'Oh yes, radiantly well; but more addicted to silence than formerly,' returned Laurette meaningly. She thought if she were sufficiently cordial and encouraging, if she comported herself as if she were quite behind the scenes, she might glean a little more intelligence. At any rate, such a manner would be likely to inspire confidence. And nothing was more valuable than confidence when you were bent on thwarting the confidee's little plans. 'But, after all, perhaps you need not go to-day?' added Laurette.

'I must,' he answered—and he went on to say that his passage had been booked in the Salagie by telegram, that she sailed at seven in the evening.

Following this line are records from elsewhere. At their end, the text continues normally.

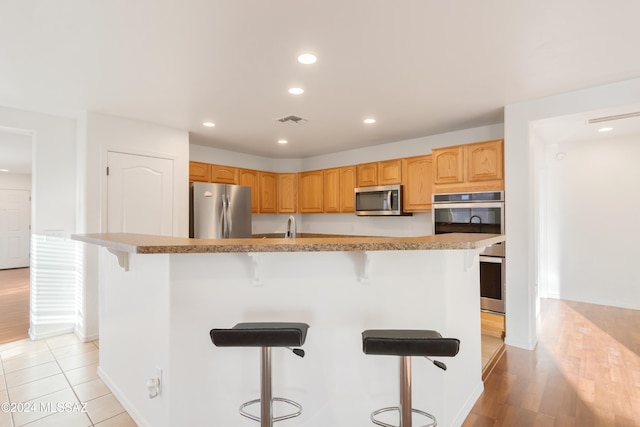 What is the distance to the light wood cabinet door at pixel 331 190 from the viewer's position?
534 cm

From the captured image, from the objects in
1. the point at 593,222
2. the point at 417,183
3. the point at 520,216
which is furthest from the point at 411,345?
the point at 593,222

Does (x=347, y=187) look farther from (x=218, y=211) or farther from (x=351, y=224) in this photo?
(x=218, y=211)

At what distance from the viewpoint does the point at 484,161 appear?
11.7 ft

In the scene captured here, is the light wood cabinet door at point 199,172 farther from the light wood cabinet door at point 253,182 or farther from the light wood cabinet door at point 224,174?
the light wood cabinet door at point 253,182

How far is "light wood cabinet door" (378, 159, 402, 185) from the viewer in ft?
15.1

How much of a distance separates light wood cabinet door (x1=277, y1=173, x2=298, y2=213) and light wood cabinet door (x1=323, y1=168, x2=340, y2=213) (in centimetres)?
66

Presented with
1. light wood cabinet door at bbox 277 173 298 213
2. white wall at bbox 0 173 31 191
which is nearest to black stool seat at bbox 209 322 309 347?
light wood cabinet door at bbox 277 173 298 213

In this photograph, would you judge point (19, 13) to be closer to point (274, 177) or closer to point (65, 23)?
point (65, 23)

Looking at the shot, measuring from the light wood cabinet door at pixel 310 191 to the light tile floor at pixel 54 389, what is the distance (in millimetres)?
3565

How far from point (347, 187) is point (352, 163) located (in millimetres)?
488

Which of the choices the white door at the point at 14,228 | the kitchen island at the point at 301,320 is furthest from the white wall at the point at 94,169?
the white door at the point at 14,228

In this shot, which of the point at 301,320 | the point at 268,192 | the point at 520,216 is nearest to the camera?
the point at 301,320

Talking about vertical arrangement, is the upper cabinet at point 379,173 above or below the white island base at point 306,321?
above

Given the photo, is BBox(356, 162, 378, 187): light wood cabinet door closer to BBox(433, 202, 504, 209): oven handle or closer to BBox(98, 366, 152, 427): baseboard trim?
BBox(433, 202, 504, 209): oven handle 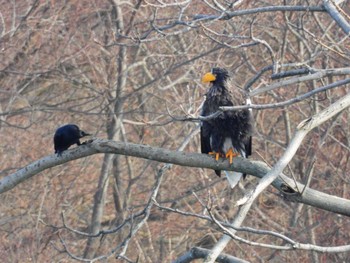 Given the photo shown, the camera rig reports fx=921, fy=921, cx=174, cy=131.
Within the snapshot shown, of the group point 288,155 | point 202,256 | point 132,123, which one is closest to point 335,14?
point 288,155

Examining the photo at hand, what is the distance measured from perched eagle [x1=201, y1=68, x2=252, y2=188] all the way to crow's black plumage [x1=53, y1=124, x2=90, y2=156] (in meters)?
0.87

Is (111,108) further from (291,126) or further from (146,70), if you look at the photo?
(291,126)

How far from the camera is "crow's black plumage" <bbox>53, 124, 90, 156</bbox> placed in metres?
5.10

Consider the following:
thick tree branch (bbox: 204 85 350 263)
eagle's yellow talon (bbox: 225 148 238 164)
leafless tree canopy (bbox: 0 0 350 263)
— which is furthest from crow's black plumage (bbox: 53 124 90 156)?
leafless tree canopy (bbox: 0 0 350 263)

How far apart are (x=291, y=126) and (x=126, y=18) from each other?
2480mm

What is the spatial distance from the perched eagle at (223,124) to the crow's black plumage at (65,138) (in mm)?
873

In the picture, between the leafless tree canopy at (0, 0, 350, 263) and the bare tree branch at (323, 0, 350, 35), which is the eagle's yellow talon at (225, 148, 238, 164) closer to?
the bare tree branch at (323, 0, 350, 35)

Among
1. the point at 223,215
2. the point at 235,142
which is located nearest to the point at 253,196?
the point at 235,142

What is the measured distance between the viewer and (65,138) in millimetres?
5141

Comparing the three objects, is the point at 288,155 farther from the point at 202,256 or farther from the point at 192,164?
the point at 202,256

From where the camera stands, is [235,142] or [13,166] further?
[13,166]

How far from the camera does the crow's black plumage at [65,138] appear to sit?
5.10 m

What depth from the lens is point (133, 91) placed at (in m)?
10.8

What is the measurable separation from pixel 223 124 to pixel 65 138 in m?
1.13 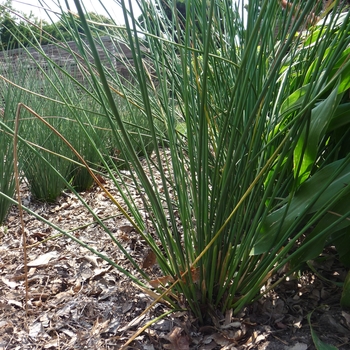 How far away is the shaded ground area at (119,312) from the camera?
0.88m

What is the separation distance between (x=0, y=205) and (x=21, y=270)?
0.38 m

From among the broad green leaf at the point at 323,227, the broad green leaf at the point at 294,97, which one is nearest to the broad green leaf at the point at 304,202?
the broad green leaf at the point at 323,227

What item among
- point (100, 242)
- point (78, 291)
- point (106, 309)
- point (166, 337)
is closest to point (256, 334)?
point (166, 337)

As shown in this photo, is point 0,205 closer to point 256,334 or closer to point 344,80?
point 256,334

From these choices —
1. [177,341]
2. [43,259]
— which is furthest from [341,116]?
[43,259]

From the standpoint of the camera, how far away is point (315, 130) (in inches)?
28.9

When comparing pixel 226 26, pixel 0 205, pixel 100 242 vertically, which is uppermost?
pixel 226 26

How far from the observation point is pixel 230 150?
66 centimetres

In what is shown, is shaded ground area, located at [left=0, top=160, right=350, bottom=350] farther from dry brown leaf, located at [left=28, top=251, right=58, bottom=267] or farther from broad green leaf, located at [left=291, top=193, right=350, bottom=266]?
broad green leaf, located at [left=291, top=193, right=350, bottom=266]

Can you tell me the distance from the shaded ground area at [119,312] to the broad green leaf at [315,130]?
10.3 inches

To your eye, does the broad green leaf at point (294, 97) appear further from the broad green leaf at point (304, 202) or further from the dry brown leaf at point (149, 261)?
the dry brown leaf at point (149, 261)

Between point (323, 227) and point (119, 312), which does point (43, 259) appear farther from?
point (323, 227)

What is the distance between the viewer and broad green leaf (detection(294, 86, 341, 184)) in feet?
2.24

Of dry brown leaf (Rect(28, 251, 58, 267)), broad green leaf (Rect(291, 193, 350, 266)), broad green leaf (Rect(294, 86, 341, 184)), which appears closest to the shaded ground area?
dry brown leaf (Rect(28, 251, 58, 267)) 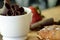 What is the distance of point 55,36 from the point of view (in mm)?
802

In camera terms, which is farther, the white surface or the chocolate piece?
the chocolate piece

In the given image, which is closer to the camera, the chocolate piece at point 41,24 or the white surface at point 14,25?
the white surface at point 14,25

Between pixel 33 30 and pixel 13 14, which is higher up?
pixel 13 14

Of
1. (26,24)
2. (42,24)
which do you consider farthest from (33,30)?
(26,24)

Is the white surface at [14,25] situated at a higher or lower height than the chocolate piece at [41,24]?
higher

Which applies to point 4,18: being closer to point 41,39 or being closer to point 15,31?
point 15,31

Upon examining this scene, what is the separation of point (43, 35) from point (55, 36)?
5cm

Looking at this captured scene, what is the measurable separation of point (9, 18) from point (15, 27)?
1.8 inches

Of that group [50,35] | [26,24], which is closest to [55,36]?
[50,35]

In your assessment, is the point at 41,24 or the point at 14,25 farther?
the point at 41,24

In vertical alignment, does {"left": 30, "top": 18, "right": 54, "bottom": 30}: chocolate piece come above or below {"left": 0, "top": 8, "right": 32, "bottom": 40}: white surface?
below

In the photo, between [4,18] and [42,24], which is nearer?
[4,18]

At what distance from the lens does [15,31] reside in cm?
81

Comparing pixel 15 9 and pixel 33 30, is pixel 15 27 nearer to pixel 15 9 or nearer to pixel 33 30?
pixel 15 9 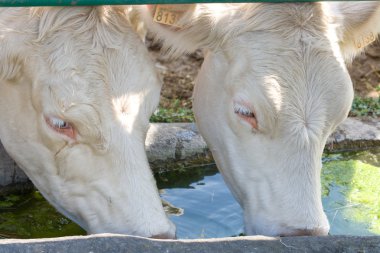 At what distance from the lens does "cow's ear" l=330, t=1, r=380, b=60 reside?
433 cm

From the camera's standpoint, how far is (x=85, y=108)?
3.75m

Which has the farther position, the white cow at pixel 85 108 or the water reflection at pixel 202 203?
the water reflection at pixel 202 203

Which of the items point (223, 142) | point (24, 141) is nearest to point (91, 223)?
point (24, 141)

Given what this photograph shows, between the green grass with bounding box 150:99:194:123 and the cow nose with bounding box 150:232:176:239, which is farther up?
the green grass with bounding box 150:99:194:123

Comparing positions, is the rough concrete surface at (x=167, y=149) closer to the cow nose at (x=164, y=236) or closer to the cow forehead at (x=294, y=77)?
the cow forehead at (x=294, y=77)

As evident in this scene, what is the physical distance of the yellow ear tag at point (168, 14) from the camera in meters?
4.09

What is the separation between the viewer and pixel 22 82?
13.1 ft

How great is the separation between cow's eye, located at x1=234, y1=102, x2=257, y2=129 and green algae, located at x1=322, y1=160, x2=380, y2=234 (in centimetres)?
111

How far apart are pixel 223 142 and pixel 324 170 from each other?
1.44 metres

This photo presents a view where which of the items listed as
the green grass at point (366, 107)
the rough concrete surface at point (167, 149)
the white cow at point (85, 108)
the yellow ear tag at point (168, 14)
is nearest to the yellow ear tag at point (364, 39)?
the yellow ear tag at point (168, 14)

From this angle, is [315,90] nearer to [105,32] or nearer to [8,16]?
[105,32]

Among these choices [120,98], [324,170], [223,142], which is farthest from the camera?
[324,170]

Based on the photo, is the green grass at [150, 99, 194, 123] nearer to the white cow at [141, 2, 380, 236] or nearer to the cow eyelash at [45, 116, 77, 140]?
the white cow at [141, 2, 380, 236]

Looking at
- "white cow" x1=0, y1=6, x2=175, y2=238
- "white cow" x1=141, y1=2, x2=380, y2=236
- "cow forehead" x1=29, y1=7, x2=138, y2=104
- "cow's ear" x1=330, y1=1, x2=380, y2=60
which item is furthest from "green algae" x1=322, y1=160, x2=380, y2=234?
"cow forehead" x1=29, y1=7, x2=138, y2=104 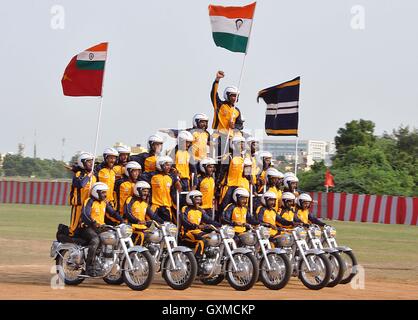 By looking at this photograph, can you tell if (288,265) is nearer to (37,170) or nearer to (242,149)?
(242,149)

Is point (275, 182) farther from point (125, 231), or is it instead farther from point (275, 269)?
point (125, 231)

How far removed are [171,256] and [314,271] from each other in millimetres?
2672

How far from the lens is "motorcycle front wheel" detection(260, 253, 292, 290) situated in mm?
18766

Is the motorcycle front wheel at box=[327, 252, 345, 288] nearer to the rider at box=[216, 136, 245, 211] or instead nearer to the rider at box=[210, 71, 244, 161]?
the rider at box=[216, 136, 245, 211]

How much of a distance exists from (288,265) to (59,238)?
403 cm

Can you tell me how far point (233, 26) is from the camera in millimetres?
21688

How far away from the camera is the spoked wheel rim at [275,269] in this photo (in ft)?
61.8

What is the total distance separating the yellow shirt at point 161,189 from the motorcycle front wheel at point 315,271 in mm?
2662

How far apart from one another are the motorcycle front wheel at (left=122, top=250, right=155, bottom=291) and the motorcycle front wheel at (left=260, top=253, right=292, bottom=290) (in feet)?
6.87

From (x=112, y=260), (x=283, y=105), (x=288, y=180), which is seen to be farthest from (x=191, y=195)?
(x=283, y=105)

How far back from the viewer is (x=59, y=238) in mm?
19516

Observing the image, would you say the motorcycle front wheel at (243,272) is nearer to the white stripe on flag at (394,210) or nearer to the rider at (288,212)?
the rider at (288,212)

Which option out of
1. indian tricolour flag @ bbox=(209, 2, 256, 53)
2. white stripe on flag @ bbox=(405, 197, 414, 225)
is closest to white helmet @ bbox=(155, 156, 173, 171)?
indian tricolour flag @ bbox=(209, 2, 256, 53)

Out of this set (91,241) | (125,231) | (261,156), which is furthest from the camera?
(261,156) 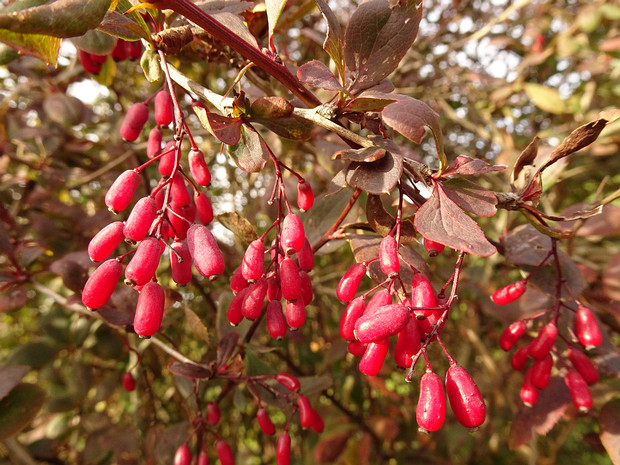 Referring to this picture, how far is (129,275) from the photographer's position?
2.42 feet

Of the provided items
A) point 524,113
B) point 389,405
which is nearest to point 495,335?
point 389,405

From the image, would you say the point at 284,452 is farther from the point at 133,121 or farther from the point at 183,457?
the point at 133,121

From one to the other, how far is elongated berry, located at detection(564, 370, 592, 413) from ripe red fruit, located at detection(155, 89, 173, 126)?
44.6 inches

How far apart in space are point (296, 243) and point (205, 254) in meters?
0.16

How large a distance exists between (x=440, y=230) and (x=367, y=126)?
29cm

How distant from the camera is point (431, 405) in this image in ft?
2.27

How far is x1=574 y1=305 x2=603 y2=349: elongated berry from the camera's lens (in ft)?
3.52

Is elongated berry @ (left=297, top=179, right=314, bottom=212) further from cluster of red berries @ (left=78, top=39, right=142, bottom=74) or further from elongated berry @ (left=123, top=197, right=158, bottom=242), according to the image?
cluster of red berries @ (left=78, top=39, right=142, bottom=74)

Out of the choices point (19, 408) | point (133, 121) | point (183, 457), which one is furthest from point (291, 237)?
point (19, 408)

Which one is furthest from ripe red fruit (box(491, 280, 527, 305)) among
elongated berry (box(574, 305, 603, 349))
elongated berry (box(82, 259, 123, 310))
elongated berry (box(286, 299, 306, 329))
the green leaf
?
the green leaf

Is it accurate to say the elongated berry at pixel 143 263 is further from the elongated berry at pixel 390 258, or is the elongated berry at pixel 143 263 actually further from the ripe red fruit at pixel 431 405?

And then he asked leave to call later with a letter for Miss Courtland.

'Well,' thought Laurette, as the door closed behind him, 'this looks like the finger of Providence.' She seemed to hold possibilities in her grasp that would be valuable, and yet Stella was so unmalleable in some respects, and Laurette divined, even from her brief interview with Langdale, that one who knew him, much less one who loved him, would not be easily duped into doubting the man. But Laurette was content to take short views. He was going to the other end of the world, and to entrust a letter to her care. Yes, people often wrote on the way, but on a French boat one could not write earlier than from Mauritius—five or six weeks ahead at the least; while what Laurette was scheming for was to get that other fifteen hundred pounds at the end of September on the plea of serving Ted's cause so well.

She did not stir out of the house till Langdale came and left the letter. She took it at once to her own room and locked the door. She opened the letter carefully, and it yielded under her supple fingers without a tear. Of course, if nothing could be gained by destroying it, she would close it up again and deliver it. But a glance served to show her that it placed undreamt-of opportunities in her hand, if only she could devise means of putting them to use. There was a long letter with a separate enclosure. It was this that first caught her eye, and brought the blood into her face, while her heart beat tumultuously. Then she read the letter:

'SWEET ST. CHARITY,

'Your first letter reached me an hour ago. Will you ever know the extreme joy it gave me? And the great lovely lock of hair it contained! I drew it to its full length, and laid it against my cheek. But Blättchen knows the fatuity of pens in speaking of things so far beyond their reach. How shabby my letter was compared to yours! But, if I do not take care, I shall not remember to answer one of your questions.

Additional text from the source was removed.